** Data section **
=-=-=-=-=

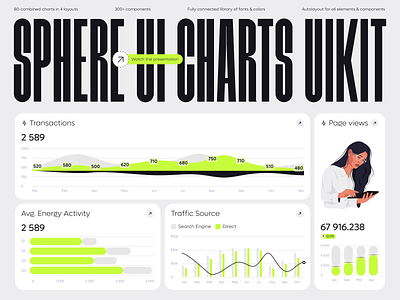 Sphere UI: Charts (UI KIT) analytics cards design charts clean ui crm dashboard design system figma minimalism overview product design saas sphereui the18.design ui ui dashboard ui kit uikit usability ux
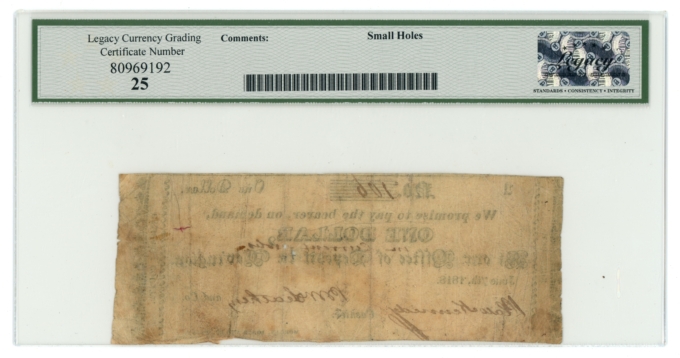 1818 b M Leathers & Co. Covington KY $1 LCG VF25 (L6322)
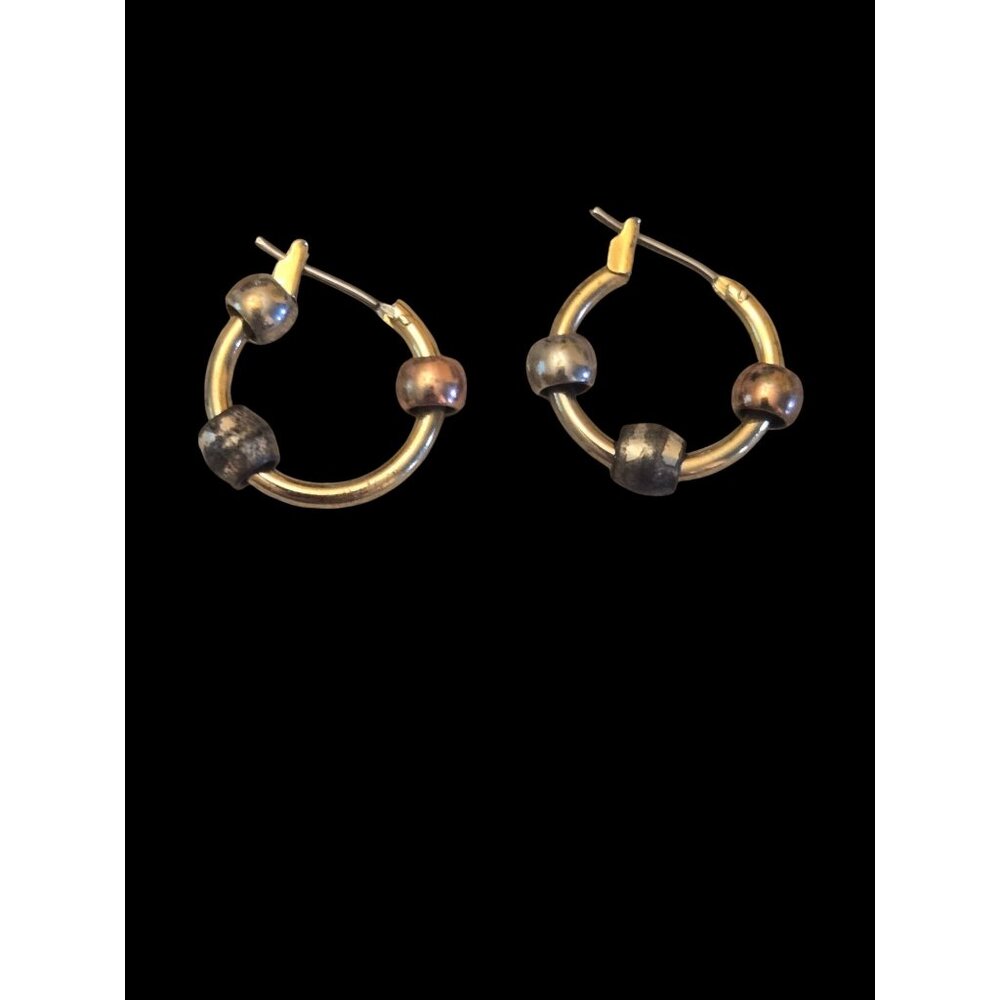 Vintage Beaded  Hoop Earrings With Mixed Metal Beads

=-=-=-=-=

** Exercise details **
Reproduce the data above exactly, leaving each picture out.

** Task solution **
 Sphere UI: Charts (UI KIT) analytics cards design charts clean ui crm dashboard design system figma minimalism overview product design saas sphereui the18.design ui ui dashboard ui kit uikit usability ux
 1818 b M Leathers & Co. Covington KY $1 LCG VF25 (L6322)
 Vintage Beaded  Hoop Earrings With Mixed Metal Beads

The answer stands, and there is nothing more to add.